The 770-km-long Moscow-Kazan high-speed rail line is one example. It is expected to serve approximately 10.5 million passengers in its initial year of operation. The line's passenger and freight rolling stock will be jointly developed by Russian Railways, China Railway, Sinara and China Railway Rolling Stock.
Russia and China are currently building the Tongjiang-Russia Railway Bridge across the Heilongjiang River, known as the Amur River in Russia, which links the city of Tongjiang in northeast China's Heilongjiang province with Nizhneleninskoye, Russia.
The Chinese part of this first cross-river railway bridge between the two countries was completed in mid-October. The bridge, which uses a set of rails that can adapt to Russia's 1,520-mm and China's 1,435-mm track gauges, is expected to become a new international channel connecting China, Russia and Europe.
There is currently only direct freight rail service linking China and Europe. However, Belgium and China are working on a program to launch a passenger train line between Europe and China. The so-called Diamond Silk Road is to connect Antwerp and Shanghai by a passenger train running through 10 other cities including Brussels, Moscow, Ulaanbaatar in Mongolia and Beijing.

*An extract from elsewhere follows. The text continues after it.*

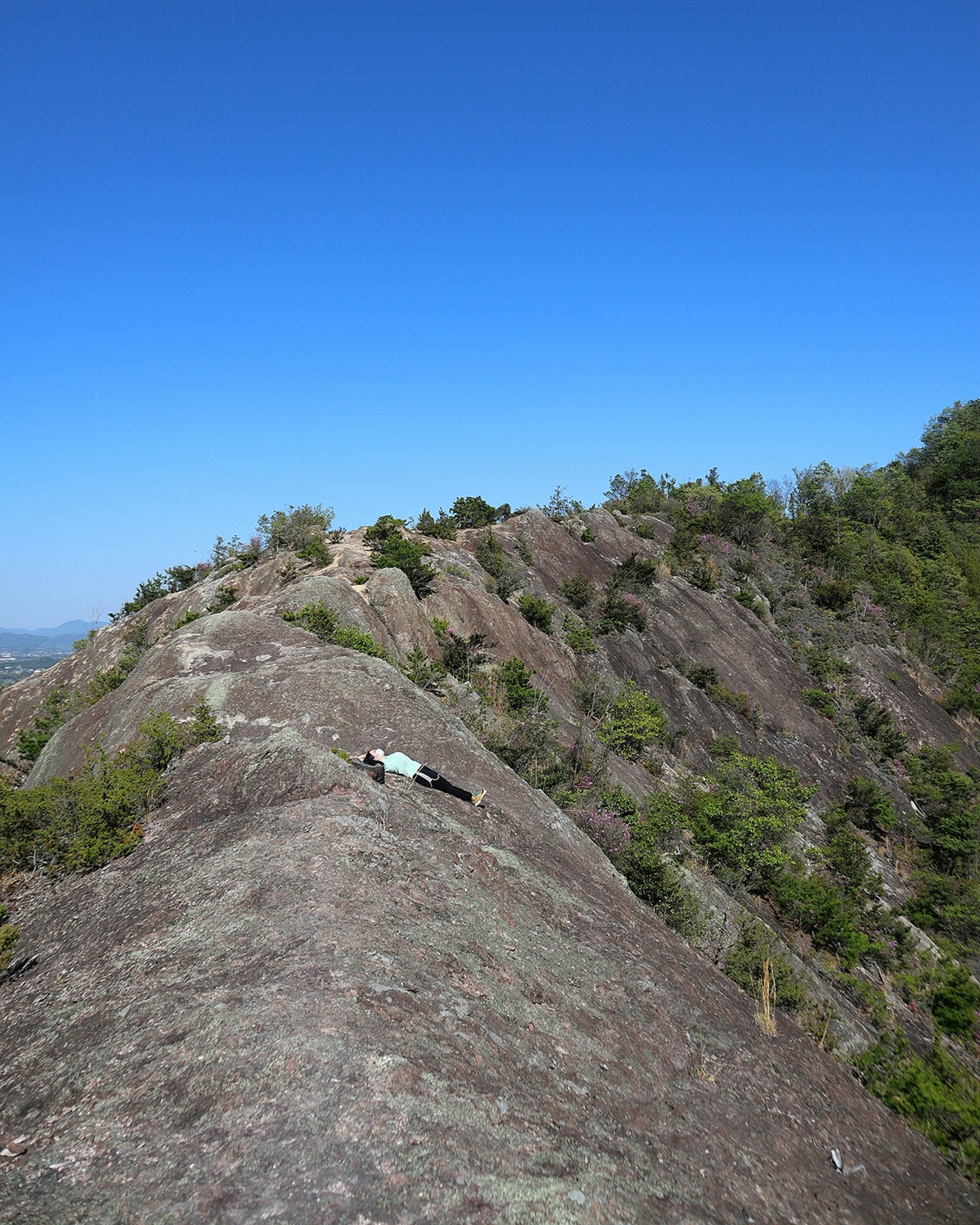 Person lying on a mountain ridge with clear blue sky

"If you ask me which is more important, passenger or cargo, I would definitely say passengers. Cargo is transited for the benefits of these passengers from these countries. These railway projects will boost connectivity not only in infrastructure but also in people-to-people communication," he says.
In Grom's mind, Eurasia is a region with unique advantages regarding competitiveness and connectivity. Due to booming trade along the new Silk Road, businesses and people in the region should establish relations on a personal level, he says.
"On the one hand, we are so different. But on the other hand, this difference between us has encouraged us to be connected even more. And it will offer opportunities for us - we are all neighbors - to know and learn about each other," he says.
In addition, Grom says: "We are all in one supply chain. It's very important to synchronize our developments. There is no value if someone will be ahead in this race.
"We all have to be winners. What I call 'win' is that we are playing on one team. To be the winners is to have us all involved, unite our efforts and work together for our common Eurasian future."